O que o senhor acha do arquiteto brasileiro Oscar Niemeyer?

Piano – É um grande mestre. Tem feito grandes coisas. Ele pertence a uma geração diferente da minha, temos diferentes linguagens, mas ele é um grande arquiteto. Tenho um pouco de influência de cada arquiteto, incluindo o Niemeyer.

E qual o seu predileto?

Piano – Meu amado arquiteto é o italiano Filippo Brunelleschi (1377- 1446). Ele era completo: um artista, um arquiteto e um construtor. Desenhava suas próprias ferramentas de construção. Ele não só construiu a cúpula da catedral florentina Santa Maria del Fiore, como a maquinaria necessária para a obra. Um arquiteto não deve ser mais importante do que sua obra. Se isso acontecer, seu trabalho vira um instrumento de sua auto-celebração. Isso é estúpido.

A Itália transborda arte e arquitetura. O quanto isso influenciou o seu trabalho?

Piano – A Itália está na minha pele. Mais precisamente Genova, uma cidade histórica, perto do mar, sempre com paisagens de navios. Passei a juventude nesta cidade. Para uma criança, o porto é um lugar mágico que se carrega para a vida toda.
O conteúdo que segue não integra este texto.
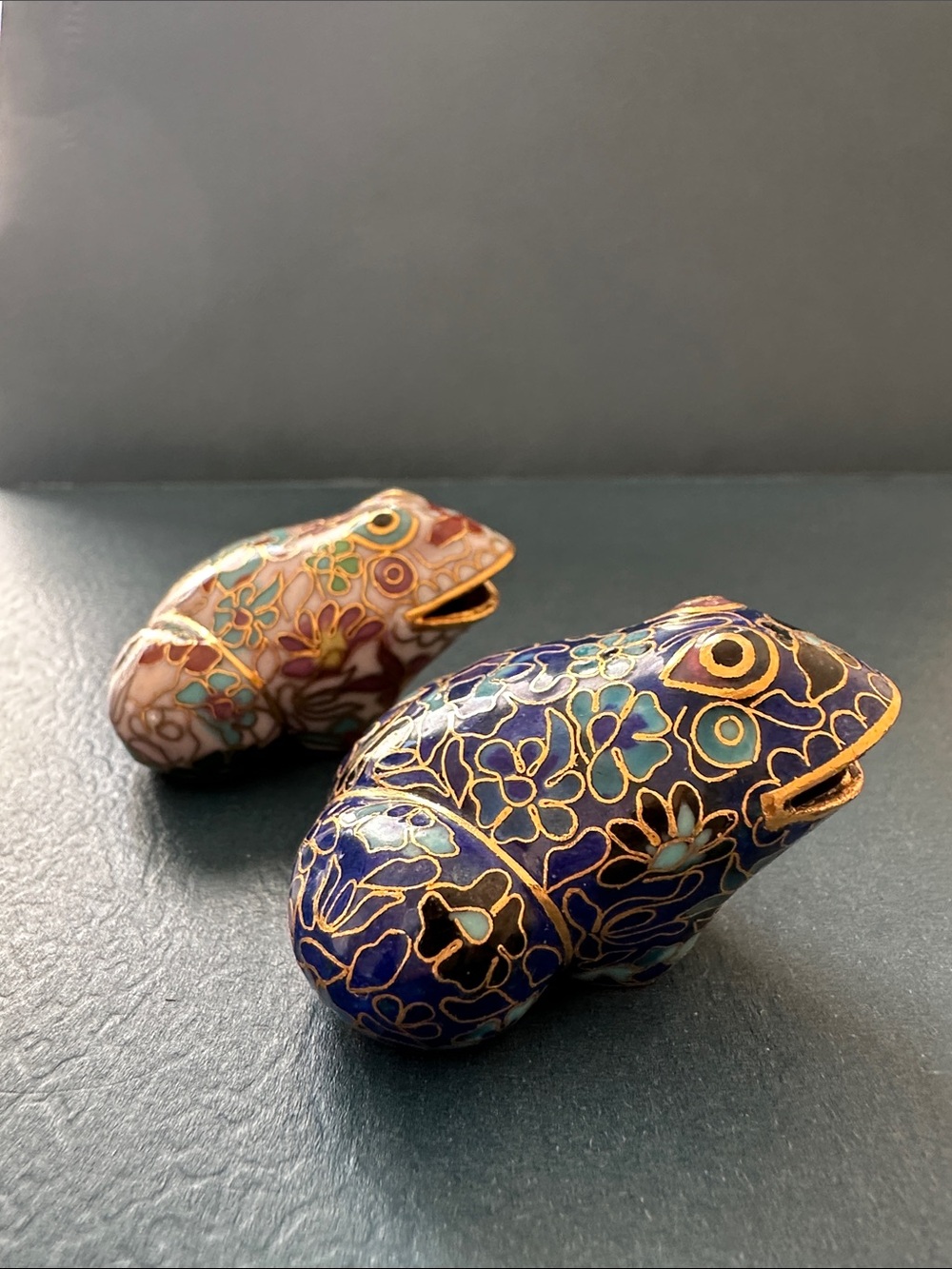Vintage 2 Cloisonné Frogs Bundle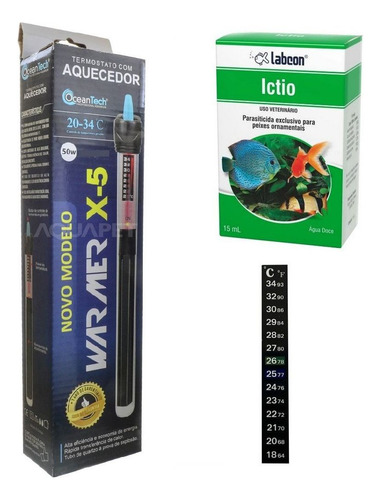 Kit Termostato 50w 220v Ocean Tech + Ictio 15ml + Termômetro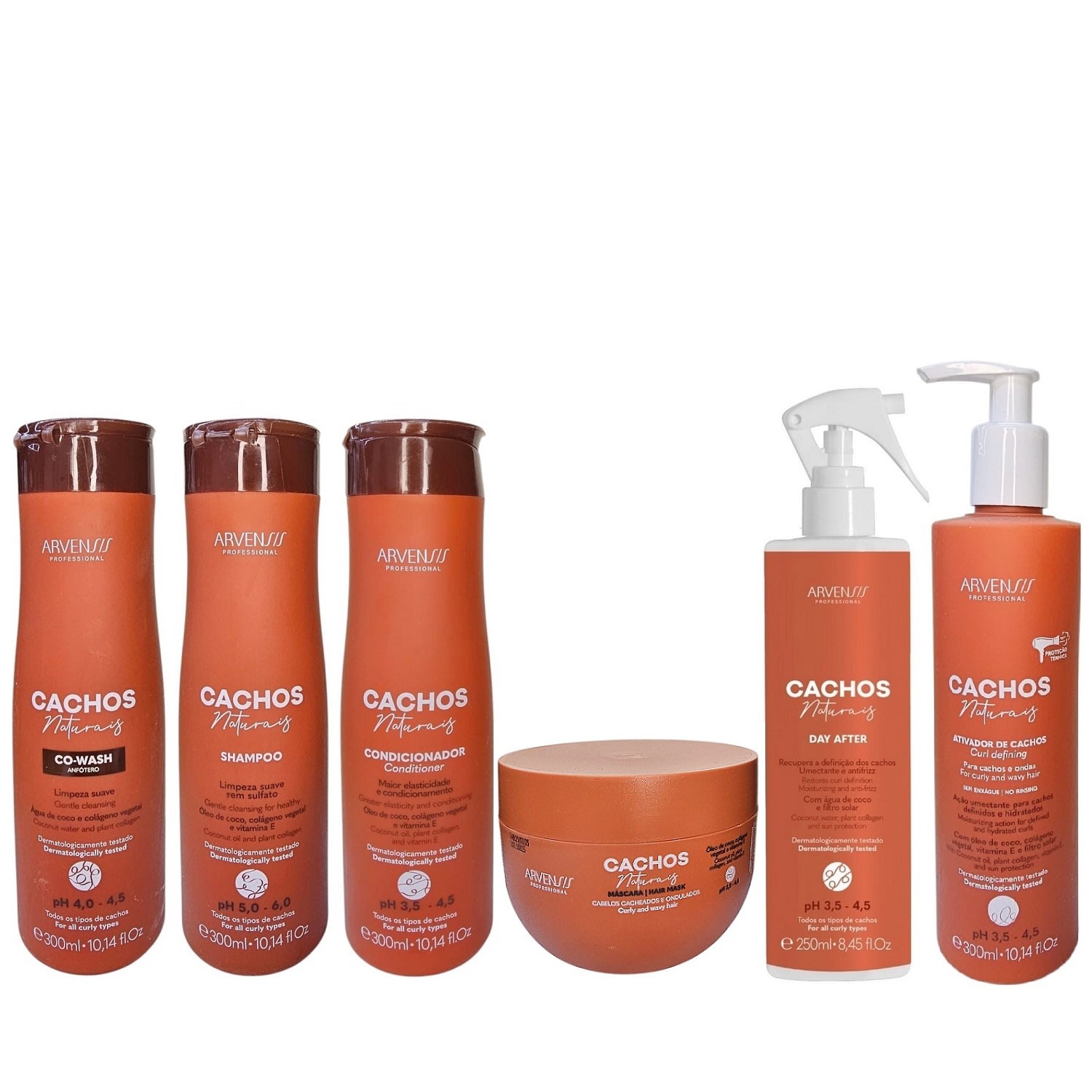Kit Arvensis Professional Cachos Naturais - Shampoo 300ml + Condicionador 300ml + Co-Wash 300ml + Ativador De Cachos Curl Defining 300ml + Máscara 250g + Day After Spray 250ml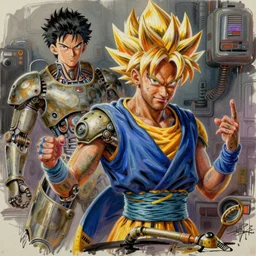 semi reallistic gouache gesture painting, by yoshitaka amano, by ruan jia, by Conrad roset, by dofus online artists, detailed 3d render of neymar as sayajin, Neymar soccer player transformed on Super Saiyan, Neymar jr,  portrait, cgsociety, artstation, rococo mechanical, Digital reality, sf5 ink style, dieselpunk atmosphere, gesture  drawn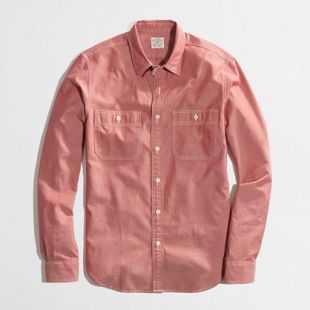 Factory slim red chambray workshirt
Quais as obras arquitetônicas que o senhor acredita que a sua geração deixará para o mundo?

Piano – Esta é uma boa questão, mas muito difícil de responder. Não me sinto velho o suficiente para começar a pensar nisso. Ainda estou inteiramente envolvido no dia-a-dia do trabalho. Esta é uma preocupação retórica que um arquiteto nunca deve ter. Não temos de nos preocupar com o que vamos deixar como herança. Devemos nos preocupar com o que fazemos para as pessoas. Amo meu trabalho. Moro muito perto do Centre Beaubourg e amo andar até lá e ver as pessoas curtindo o prédio e a piazza. Minha felicidade não é sobre o lema da eternidade, mas no contentamento das pessoas. Trata-se mais de vida do que de um testemunho para a posteridade.